‘Elegant, intelligent… a tale to remember’
— Children’s Book of the Week, SUNDAY TIMES
THE DREAMWALKER’S CHILD is a striking fantasy adventure debut. Aimed at 8–12-year-olds, and spanning both the commercial and the literary areas of that market, it balances action and energy with a philosophical depth, and at times heart-rending emotional perceptiveness.
Schoolboy Sam Palmer develops an inexplicable fixation with insects which confuses him as much as it troubles his parents, and when a bizarre bicycle crash leaves his body in a coma, Sam and his parents find themselves facing much more serious fears and challenges.
Sam awakes in Aurobon, not so much a fantasy world as a parallel of Sam’s own, to discover that his accident and mysterious transportation were part of an elaborate abduction.
Dark forces in Aurobon have a plan for this ordinary boy – but why is he so important to them?

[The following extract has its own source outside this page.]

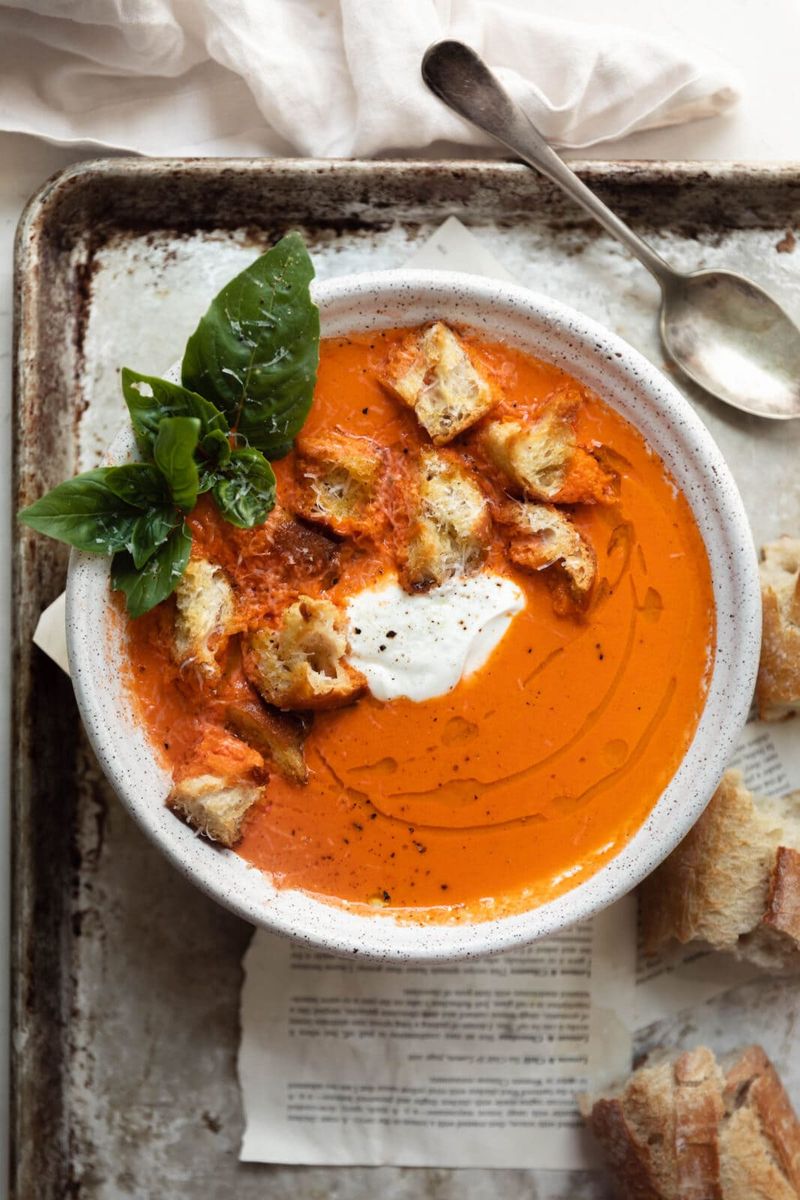 Slow-Simmered Tomato Basil Soup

How can huge piloted insects threaten the future of the human race? And what do they mean when they talk of ‘the prophesy’?
Aided by Skipper, a fearless and resourceful young girl working against the evil Odoursin, Sam must escape from internment, join the fight to prevent Ourdosin from extending his empire, and somehow, against the odds, find a way to return to his body, his family and the world to which he was born.

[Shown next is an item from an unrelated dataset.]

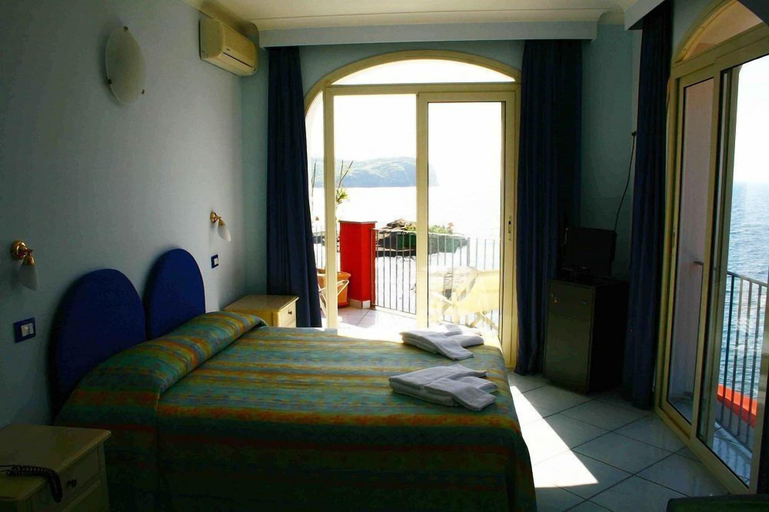 Bedroom 3, Hotel Villa Iulia, Latina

Steve Voake was formerly headmaster of Kilmersdon Primary School in Somerset. Following the huge success of his first novel THE DREAMWALKER’S CHILD and with further books commissioned by Faber in the UK and Bloomsbury in the US, he resigned from his position to focus on writing full time. He is currently Senior Lecturer in Writing for Young People at Bath Spa University and is a regular tutor for The Arvon Foundation. Steve has also written the ‘DAISY DAWSON’ series (Walker Books) for younger readers which was published by Candlewick in the US and became a bestseller for Scholastic Book Club.
Steve is currently working on a new novel for Faber and a new series for Walker Books, the first of which, HOOEY HIGGINS & THE SHARK, will be published in March 2010. He lives in Somerset with his wife and two children.